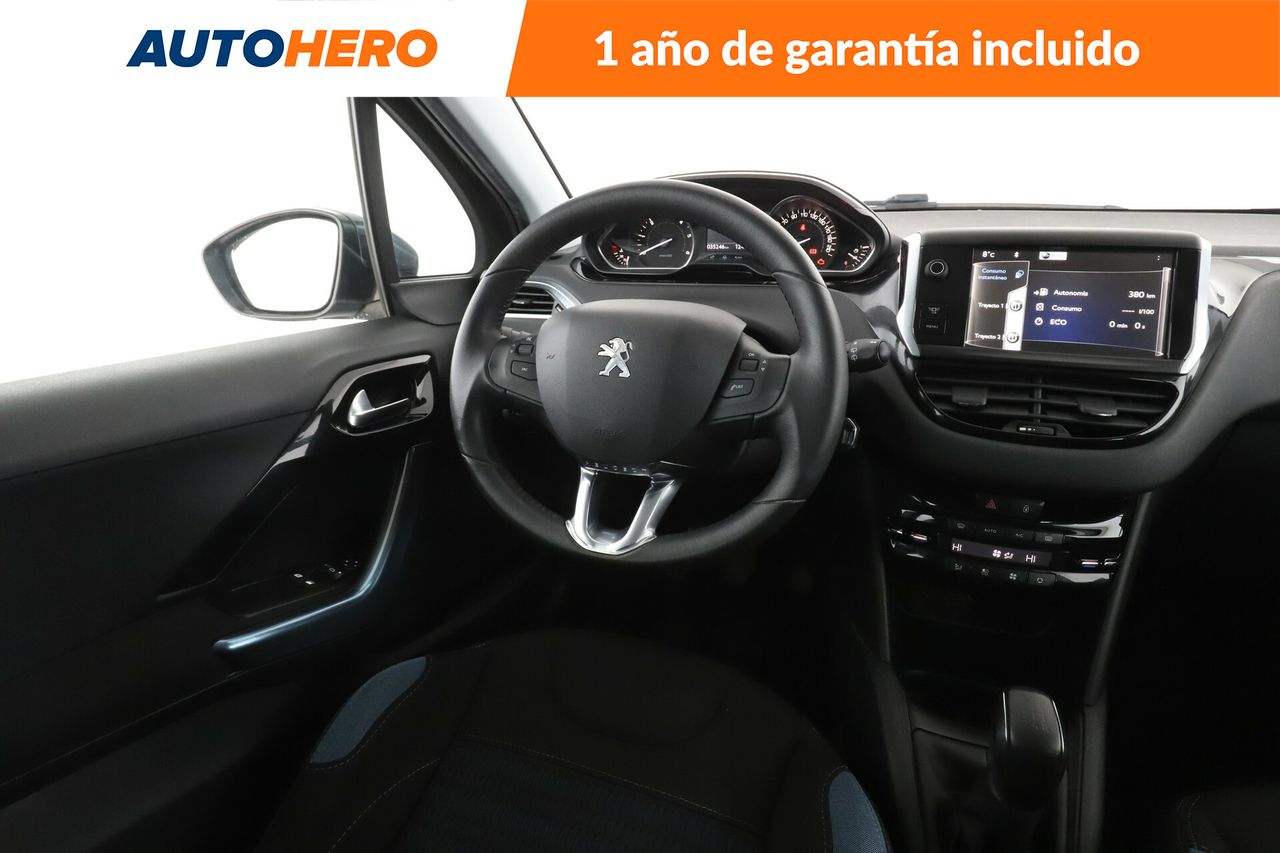 Foto Peugeot 208 14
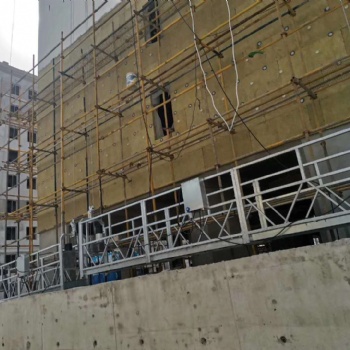山东吊篮厂家热镀锌建筑吊篮。定做各种异型吊篮，质量好，价格低！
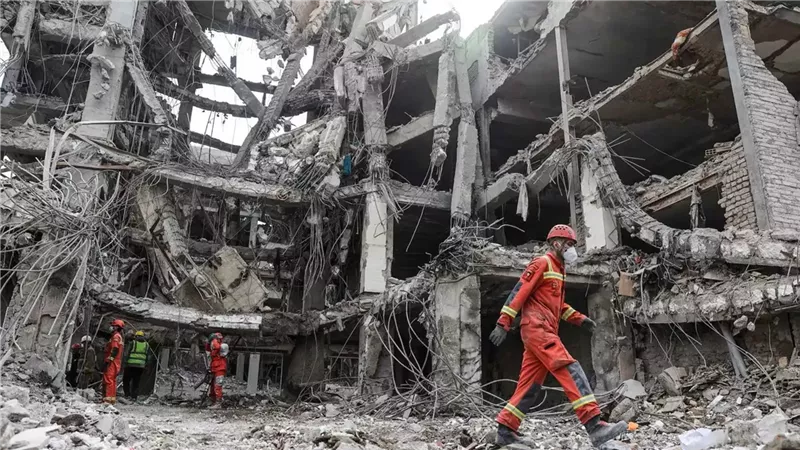 فرق الإنقاذ تعمل في موقع غارة جوية في طهران، إيران  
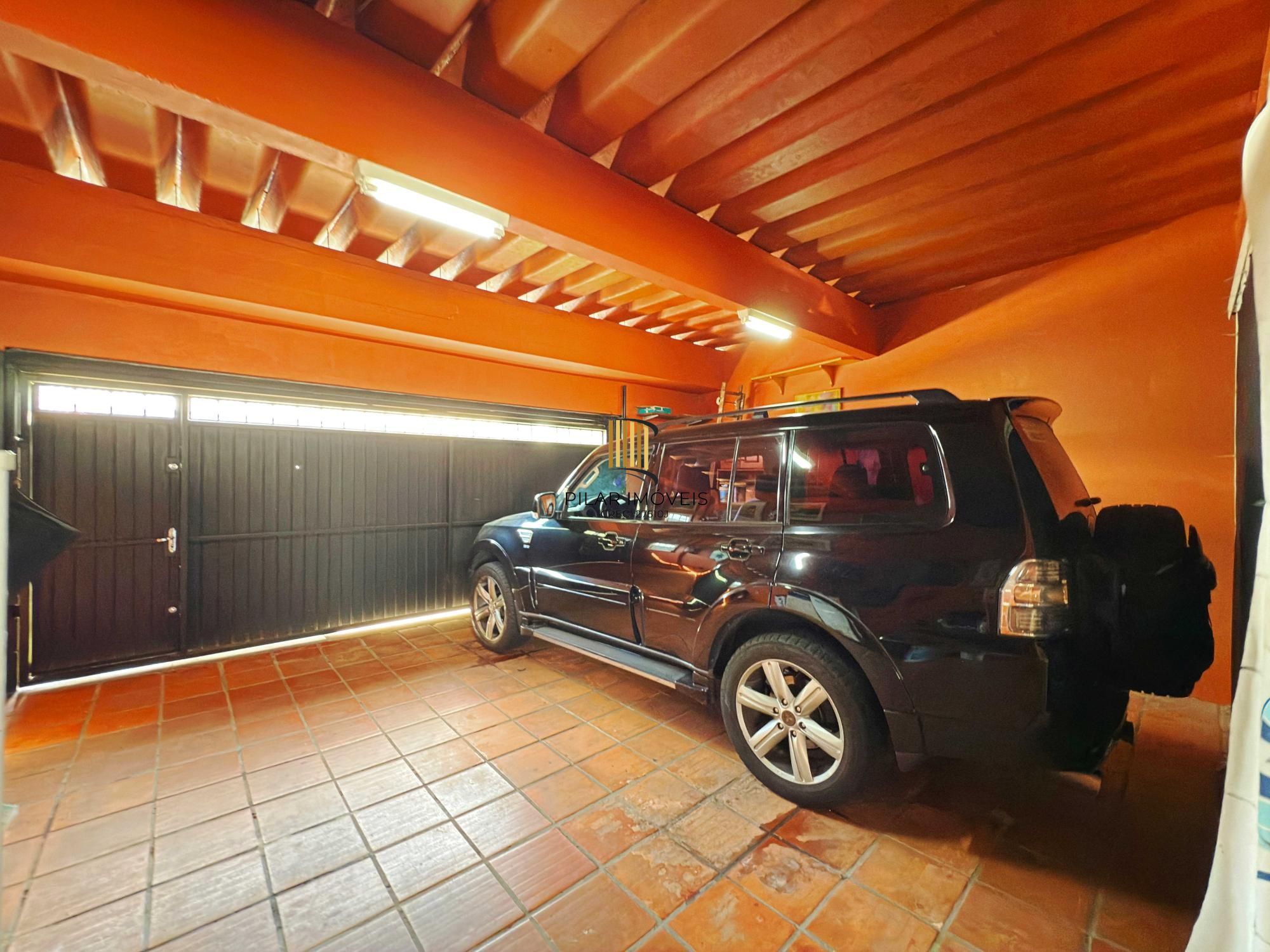 Casa Térrea com Piscina e 3 Dormitórios – Coração de Ipanema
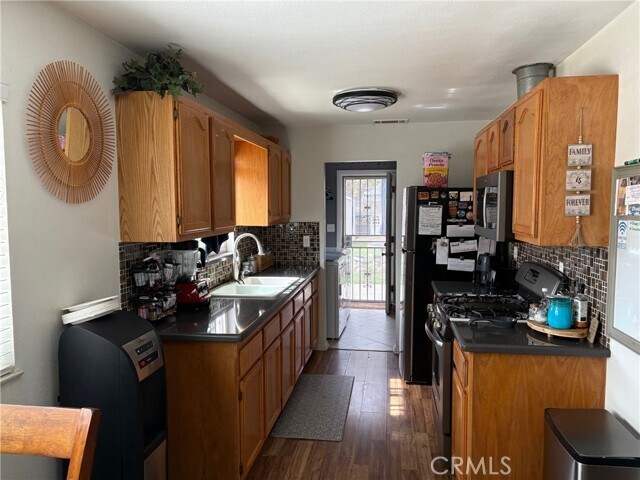 Foto del edificio - 5128 N Acacia Ave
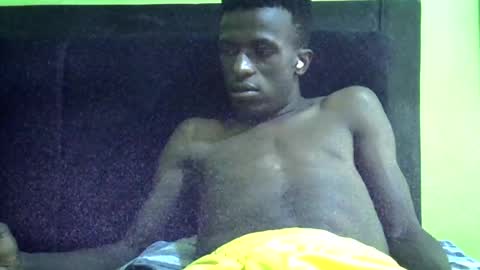 Snapshot of black_berry22 chatting on 07-08-26, 08:52 black_berry22 online show from 07-08-26, 08:52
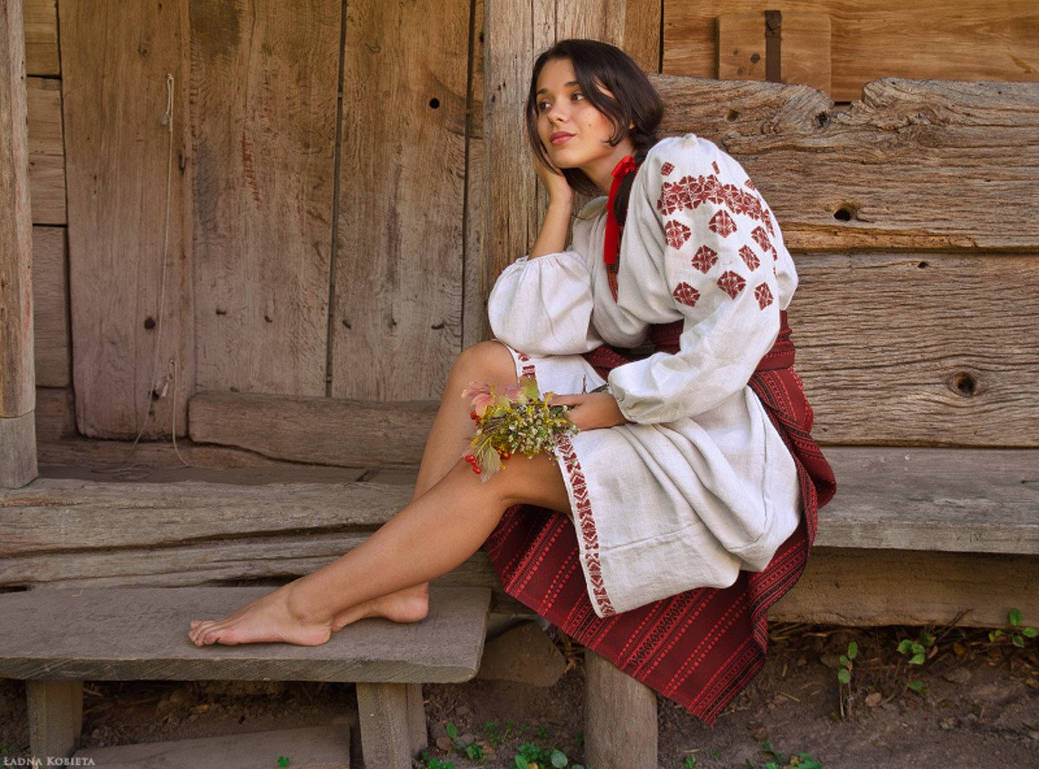 Fresh photos, fresh mood — Women in Slavic costumes online in Zhengzhou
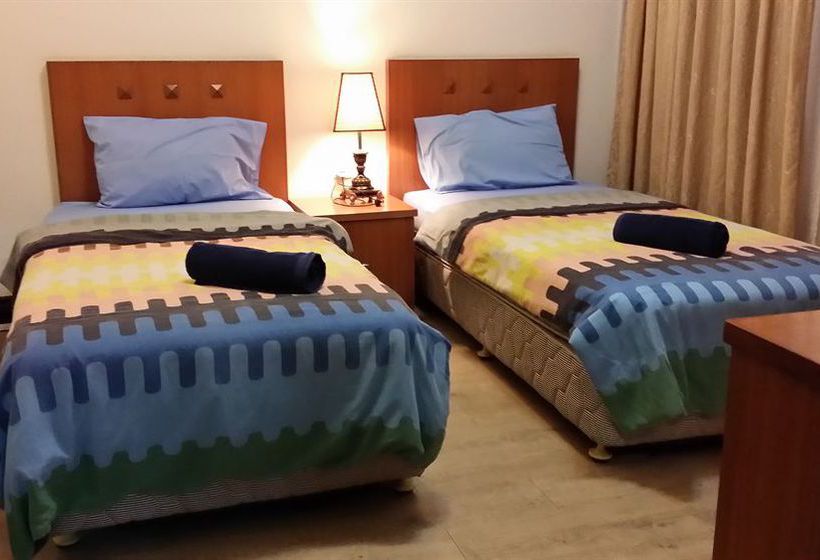 ホテル North Borneo Paradise @ Marina Court Resort Condo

────

Exercise details:
Please write out all of the data verbatim, with no pictures in the copy.

Answer area:
 Foto Peugeot 208 14
山东吊篮厂家热镀锌建筑吊篮。定做各种异型吊篮，质量好，价格低！
 فرق الإنقاذ تعمل في موقع غارة جوية في طهران، إيران  
 Casa Térrea com Piscina e 3 Dormitórios – Coração de Ipanema
 Foto del edificio - 5128 N Acacia Ave
 Snapshot of black_berry22 chatting on 07-08-26, 08:52 black_berry22 online show from 07-08-26, 08:52
 Fresh photos, fresh mood — Women in Slavic costumes online in Zhengzhou
 ホテル North Borneo Paradise @ Marina Court Resort Condo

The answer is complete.